Your task is to retype, exactly and with nothing else, every line from the one containing "QR Code for" to the end of the listing.
*** SUPPLIED RECORDS ***
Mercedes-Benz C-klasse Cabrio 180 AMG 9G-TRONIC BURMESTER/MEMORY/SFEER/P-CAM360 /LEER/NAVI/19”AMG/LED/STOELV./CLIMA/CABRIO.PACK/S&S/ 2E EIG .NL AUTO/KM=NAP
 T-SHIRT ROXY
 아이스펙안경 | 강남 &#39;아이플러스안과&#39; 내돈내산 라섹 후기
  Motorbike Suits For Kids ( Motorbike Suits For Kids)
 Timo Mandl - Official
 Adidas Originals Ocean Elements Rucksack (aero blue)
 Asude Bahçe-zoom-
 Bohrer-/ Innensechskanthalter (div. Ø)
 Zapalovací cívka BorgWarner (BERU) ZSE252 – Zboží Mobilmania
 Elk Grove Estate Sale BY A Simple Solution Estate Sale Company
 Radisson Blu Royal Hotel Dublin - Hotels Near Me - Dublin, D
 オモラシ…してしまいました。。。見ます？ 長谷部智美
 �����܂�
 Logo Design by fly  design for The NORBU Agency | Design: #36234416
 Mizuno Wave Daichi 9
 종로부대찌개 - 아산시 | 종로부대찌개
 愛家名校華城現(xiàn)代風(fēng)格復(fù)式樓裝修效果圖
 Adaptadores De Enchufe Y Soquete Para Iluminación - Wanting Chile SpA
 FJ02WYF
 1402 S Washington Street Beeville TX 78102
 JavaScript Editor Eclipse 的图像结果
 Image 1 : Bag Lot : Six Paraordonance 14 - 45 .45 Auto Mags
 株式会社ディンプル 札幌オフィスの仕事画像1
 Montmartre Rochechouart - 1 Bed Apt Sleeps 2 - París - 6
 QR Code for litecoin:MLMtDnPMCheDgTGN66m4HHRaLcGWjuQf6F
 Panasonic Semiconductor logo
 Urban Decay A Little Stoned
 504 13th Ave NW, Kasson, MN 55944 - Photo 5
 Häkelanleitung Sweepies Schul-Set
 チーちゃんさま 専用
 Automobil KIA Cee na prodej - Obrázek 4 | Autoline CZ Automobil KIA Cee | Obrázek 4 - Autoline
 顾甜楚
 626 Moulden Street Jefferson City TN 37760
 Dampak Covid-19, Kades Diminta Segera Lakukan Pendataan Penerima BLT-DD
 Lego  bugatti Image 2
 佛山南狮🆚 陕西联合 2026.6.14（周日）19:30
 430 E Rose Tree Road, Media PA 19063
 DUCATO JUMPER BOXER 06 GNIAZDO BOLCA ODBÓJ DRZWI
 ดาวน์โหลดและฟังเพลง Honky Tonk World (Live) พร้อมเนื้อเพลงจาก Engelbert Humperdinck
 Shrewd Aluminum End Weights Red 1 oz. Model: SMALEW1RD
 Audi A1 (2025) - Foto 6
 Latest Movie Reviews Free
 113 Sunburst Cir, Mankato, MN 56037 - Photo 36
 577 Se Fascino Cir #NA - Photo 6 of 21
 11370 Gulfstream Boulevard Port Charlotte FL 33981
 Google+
*** End of SUPPLIED RECORDS ***
- _RESULT_
 QR Code for litecoin:MLMtDnPMCheDgTGN66m4HHRaLcGWjuQf6F
 Panasonic Semiconductor logo
 Urban Decay A Little Stoned
 504 13th Ave NW, Kasson, MN 55944 - Photo 5
 Häkelanleitung Sweepies Schul-Set
 チーちゃんさま 専用
 Automobil KIA Cee na prodej - Obrázek 4 | Autoline CZ Automobil KIA Cee | Obrázek 4 - Autoline
 顾甜楚
 626 Moulden Street Jefferson City TN 37760
 Dampak Covid-19, Kades Diminta Segera Lakukan Pendataan Penerima BLT-DD
 Lego  bugatti Image 2
 佛山南狮🆚 陕西联合 2026.6.14（周日）19:30
 430 E Rose Tree Road, Media PA 19063
 DUCATO JUMPER BOXER 06 GNIAZDO BOLCA ODBÓJ DRZWI
 ดาวน์โหลดและฟังเพลง Honky Tonk World (Live) พร้อมเนื้อเพลงจาก Engelbert Humperdinck
 Shrewd Aluminum End Weights Red 1 oz. Model: SMALEW1RD
 Audi A1 (2025) - Foto 6
 Latest Movie Reviews Free
 113 Sunburst Cir, Mankato, MN 56037 - Photo 36
 577 Se Fascino Cir #NA - Photo 6 of 21
 11370 Gulfstream Boulevard Port Charlotte FL 33981
 Google+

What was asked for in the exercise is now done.